(RNS) — It may appear strange that a Catholic moral theologian (me) would interact with an atheist philosopher who has consistently rejected the sanctity of human life (Peter Singer) while demanding we humans respect the lives of nonhuman animals. But the Australian ethicist and Princeton University professor has long proved himself willing to consider and debate other viewpoints with both rigor and generosity. This has been the basis of our friendship and collaborations for more than a decade.
Singer’s claims about animals were made most famously in his 1975 book, “Animal Liberation,” a foundational text for the philosophy behind veganism. In May he published a new edition, “Animal Liberation Now,” updating his original to account for the changes in attitudes toward animals over the past half century. I talked to Singer about the new book and how Christian ethics have affected his thinking on these topics. The interview has been edited.
Why would a thinker with your views engage seriously with Christian ethics?
Philosophy is about using reason and argument to examine the foundations of our views. We can’t do that well without engaging with thinkers who start from different foundations. In ethics, in particular, if we just assume one normative theory — say, utilitarianism, or a natural law view, or Kantian ethics — is correct, we would only be describing the implications of that view, and so would not have adequate grounds for saying that our moral judgments are sound.
You ask specifically about my engagement with Christian ethics in regard to its view of the sanctity of human life. This is a topic of great importance in bioethics, with implications for abortion and euthanasia, as well as allowing people to die by withdrawing or withholding treatment. It is also relevant when we try to answer when it is wrong to kill nonhuman animals. The natural law tradition has attracted many eminent thinkers, and I can’t imagine teaching or writing on the central questions of bioethics without engaging with the best thinkers in that tradition.
You’ve shifted your views on this over the years, but is Christian ethics still the bad guy when it comes to treatment of animals?
I still think that the Christian tradition is a malign influence on our thinking about animals, but, thanks to Christians like you, as well as Andrew Linzey and David Clough, I accept that it has some positive elements as well. The problem is that the most influential Christians have written about animals as if they don’t matter at all. Take Paul’s “doth God care for oxen?” — obviously a rhetorical question to which he assumed that the answer is “no.” Or Augustine’s assertion that Jesus sent the devils into the Gadarene pigs (who then drowned themselves) in order to teach us that we have no duties to animals.
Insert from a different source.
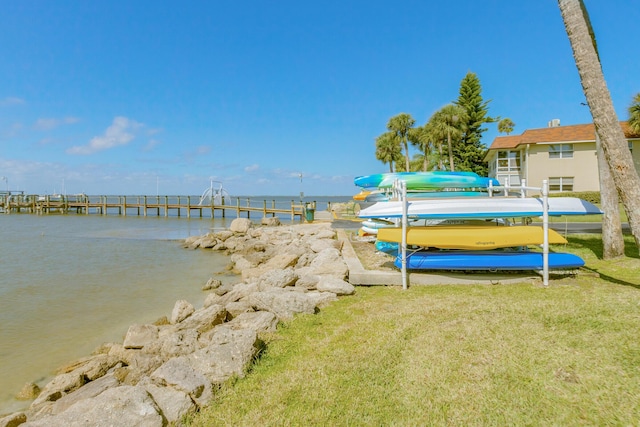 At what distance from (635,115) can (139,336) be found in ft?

I’m waiting for a pope to say that raising animals in factory farms is a misuse of God’s creatures, and Christians ought not to support this abuse.
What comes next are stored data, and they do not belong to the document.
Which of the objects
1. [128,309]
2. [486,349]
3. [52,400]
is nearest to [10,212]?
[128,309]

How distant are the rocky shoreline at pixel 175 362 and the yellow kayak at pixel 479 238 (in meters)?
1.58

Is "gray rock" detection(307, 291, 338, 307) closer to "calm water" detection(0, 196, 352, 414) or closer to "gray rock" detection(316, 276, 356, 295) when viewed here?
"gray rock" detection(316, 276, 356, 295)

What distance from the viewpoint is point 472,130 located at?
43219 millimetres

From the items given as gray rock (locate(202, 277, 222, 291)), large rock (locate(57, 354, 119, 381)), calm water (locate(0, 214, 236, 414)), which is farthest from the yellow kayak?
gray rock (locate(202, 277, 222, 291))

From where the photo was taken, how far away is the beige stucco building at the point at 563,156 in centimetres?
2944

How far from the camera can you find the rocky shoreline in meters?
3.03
That claim influenced Aquinas, who says that we cannot sin against animals, and that being cruel to them is bad only because it might lead us to be cruel to humans. I acknowledge that Francis has rejected the view that the dominion verse in (the Bible’s Book of Genesis) means that we can treat animals as we please, but it would be good to have similarly clear statements of the need to reject the claims made by Paul, Augustine and Aquinas.
And I’m waiting for a pope to say that raising animals in factory farms is a misuse of God’s creatures, and Christians ought not to support this abuse by eating products from animals who have been treated in this way.
What reasons did you have for coming out with a new version of “Animal Liberation”?
“Animal Liberation Now” is very different from “Animal Liberation,” and that is why HarperCollins, the publisher, has given it a new title by adding the “Now.” It has to be different, because the text of the earlier book dates from 1990, and a lot has happened in the past 33 years. The first chapter describes new research on animal consciousness, and on which animals are likely to be capable of feeling pain. The two longest chapters — the second chapter, on the use of animals in research, and the third chapter, on factory farming — indicate what is happening in these areas now, instead of what was happening in the 1980s. The fourth chapter discusses ethical eating and describes some powerful new reasons for not eating meat or dairy products: slowing climate change and reducing the risk of another pandemic.
I also give more attention to the way we treat fish, a question that I neglected in the earlier editions. When we consider the vast number of fish we raise in factory farms, and the even greater number we catch and kill in painful ways, it is clear that there is no justification for the view that somehow eating fish is better than eating mammals and birds. Towards the end of Chapter 5, in which I trace the history of speciesist attitudes in Western thought, I applaud the new direction that you and the other Christian thinkers I have just mentioned are taking. In the final chapter, I outline the progress that has been made, but also what else needs to change.
What do you think is the most important thing Christians can do when it comes to respecting nonhuman animals?
Avoid factory farmed products, including farmed fish, and encourage your fellow Christians to do the same.